Returning to his boxing story he said “It’s all about the hips and the feet...not the fists,” he explained. But our Energy Minister was perhaps providing a metaphor for his political ability to change Government direction without alerting his opponents. Despite his avowed enthusiasm for the Coalition he has almost certainly laid down a few clear policy differences with his departmental, if not political boss Ed Davey. The fact that he has done this whilst retaining his political ground unaffected and with the continued support and even affection of the DECC Secretary is perhaps revealing. Indeed it may be because of his style and approach that he CAN enjoy the Coalition. “My passion is the promotion of Conservatism; my pursuit is the purpose of Government” he said.
When he got the job last September one Conservative MP told us he was “a real Tory”. And yet he appeals across the political divide as illustrated by Ed Davey’s enthusiasm, saying that though they “occasionally disagree on issues of substance…I have to say I really admire his style.” This was also illustrated by his recent award of The House magazine’s Commons Minister of the Year voted for by all Parliamentarians. It is perhaps telling that he is the only Conservative Minister who has served two Liberal Democrats, having previously been at BIS under Vince Cable.

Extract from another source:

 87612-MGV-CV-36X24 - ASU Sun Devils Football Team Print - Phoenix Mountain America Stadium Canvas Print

As we have commented before, the Minister came into the Department with a remit from the PM to “deliver a win for our people on windfarms”. His response was to say that “enough is enough” with onshore wind. He has also championed the role for shale gas in the energy mix. Along with DEFRA Secretary Owen Paterson a strong political drive for this unconventional gas has been created, egged on with approval by the Chancellor. “Not to explore, not to investigate would, it seems to me, be a mistake, and that's a decision, as a Department, we've come to” Hayes said.
And what of the Energy Bill? It is currently before Parliament and has Mr Hayes’ strong support insisting that the policy is now settled and all sides are on board. He said that the prospective changes to the way Britain is powered, are “bigger than a single government, bigger than a single party, about strategic changes in the way that we deliver power, the way we deliver energy for both national economic interest and to maintain wellbeing”. He said the Bill is a “defining piece of legislation for him [Davey] and me, I guess, in terms of our ministerial careers - that’s bound to create a coincidence of interest, as well as a coincidence of purpose.”

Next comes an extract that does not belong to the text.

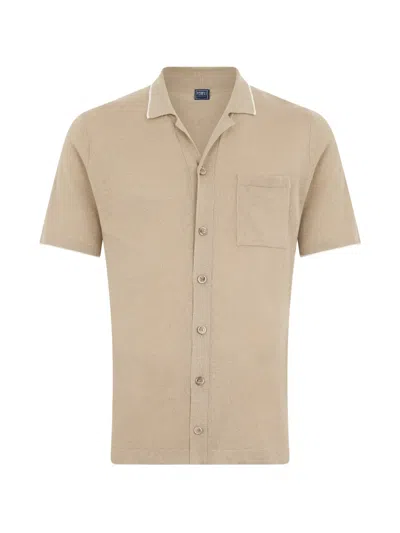 Fedeli Short-sleeve Button-up Shirt In Neutral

The Energy Minister despite his philosophical retorts retains a populist edge. “Unless we can appeal to a broad range of people from a broad range of backgrounds it makes it very hard for us to win” he said. This doesn’t mean declaring war on energy companies though. “As soon as I spoke to the energy companies I found that they recognise there’s got to be work done here. Energy companies are playing their part in that debate because it’s partly about building and maintaining trust. They really need to develop the right kind of relationship with their consumers built on trust” he said.
The Energy Minister speaking at ENA’s Party Conference fringe meeting last October, his first as Energy Minister, entertained the packed out room, many were turned away such is the interest surrounding him. What was perhaps most interesting to look at was who filled the seats. It wasn’t the energy professionals (though they were there) but the party activists, the people whose beliefs shape the political soul of his Party which in turn shapes the policy. It is clear when you listen to Mr Hayes that what you are hearing is the voice of the heart of his Party and that indicates perhaps more clearly the policy direction than any amount of rational analysis. Politics is an emotional process essentially that is tempered by experience and debate. That sums up Mr Hayes’ approach very well.